Nunn's tenure at the National and the perhaps unhelpful binary of new/old work

This is a quick response post on the article published today in The Stage where Trevor Nunn said that the ‘National Theatre has duty to both new work and classics’. His comment is in response to Michael Billington’s article, my thoughts on which can be partly read here.

So, I realise Trevor Nunn’s time as Artistic Director of the National was quite controversial. This is mainly because it is seen that he upped the amount of commercial productions staged, especially musicals, with some not liking that public money helped to fund My Fair Lady which went on to have commercial gains. However, he did achieve a balance between the amount of revivals and new plays he staged between 1997 and 2003. There were just under 50 new works staged at the NT under his time as AD, including Patrick Marber’s Closer, Tanika Gupta’s The Waiting Room and a world premiere of a Tennessee Williams’ play, Not About Nightingales. There were roughly 40 revivals (if anything slightly less than the amount of new work), including A Streetcar Named Desire, No Man’s Land and The Duchess of Malfi. I should note that about nine of these were Shakespeare plays which Billington excludes from his thoughts on revivals. But overall, it is quite a healthy balance.

But Nunn was AD for a shorter time than (I imagine) Norris is hoping to be at the National and so Norris’ longer term plans might be different. What’s more, to reiterate what I said in my last blog post on this, Norris is staging revivals this year including work by Shakespeare, Kushner and Sondheim, and has staged many revivals so far in his tenure. Also, I agree with what one writer said (I forget which), that in a time of potential political turbulence regarding Brexit and Trump, our National Theatre should be leading the way with work that that helps us understand the changing politics – although revivals can do this as well, Hytner’s production of Henry V is often a popular example of that.

My main point though is that this new obsession with the binary of ‘new/ old work’ is a possibly problematic view of how theatre is and should be made.

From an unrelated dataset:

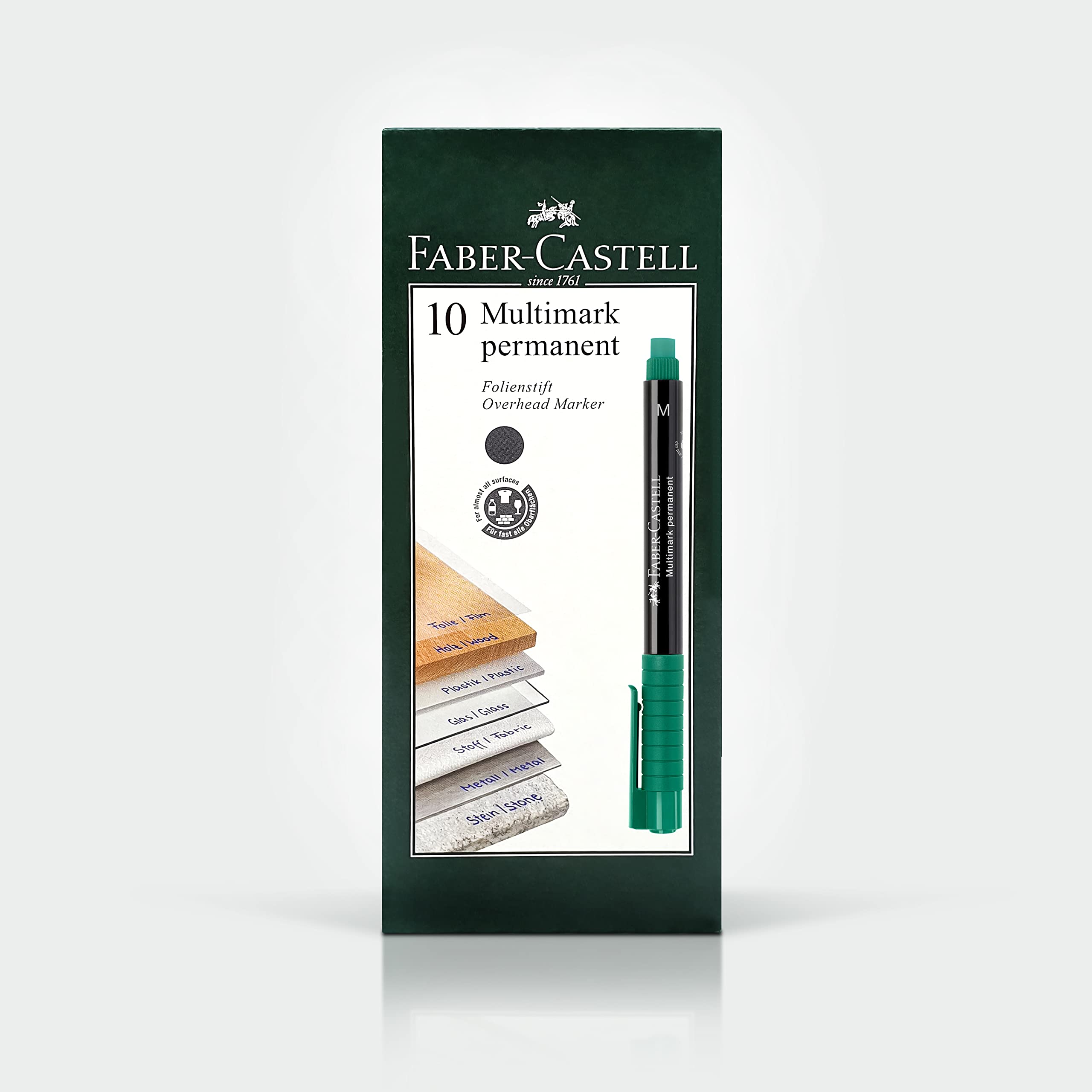 Faber Castell Multimark Permanent x10 Green / فابر كاستل مالتي مارك دائم ×10 أخضر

During Nunn’s tenure, he staged about 20 works based on old texts given new versions, such as Ostrovsky’s The Forest (1871) in a new version by Ayckbourn, The Villains’ Opera based on John Gay’s The Beggar’s Opera (1728) and Brecht’s The Good Woman of Setzuan (1940-43) in a new version by Tanika Gupta. Norris has done similar things with Marber’s Three Days in the Country, after Turgenev’s A Month in the Country, Marber’s new version of Hedda Gabler and Suhayla El-Bushra’s The Suicide after Erdman. Billington’s views, in my opinion, come with an underlying belief that the writer is autonomous and highly regarded. This is perhaps an old-fashioned way of looking at theatre making. Rather than the black and white Venn Diagram sort of programming that only sees productions on terms of whether they are old or new, isn’t it better to also remember how they can be based on older texts even if they are reworked to a more contemporary style and practice? I don’t know how planning a season at the National works (but I imagine it’s difficult!) but I imagine a lot of different boxes have to ticked and many quotas met. I’d prefer for the NT to carry on trying to concentrate on whether diversity (and all of the many things which that word encompasses) is being achieved rather than strictly having to ensure that they are balancing the amount of old work and the amount of new work that they are producing.

The National Theatre do have a duty to stage both classics and new work, which I personally think they are achieving, but thinking of their productions in a more fluid way rather than just the black and white terms of ‘is it new or is it old?’ might help how we see and approach theatre-making to move forward.

I have been referring to Daniel Rosenthal’s tome The National Theatre Story for statistics.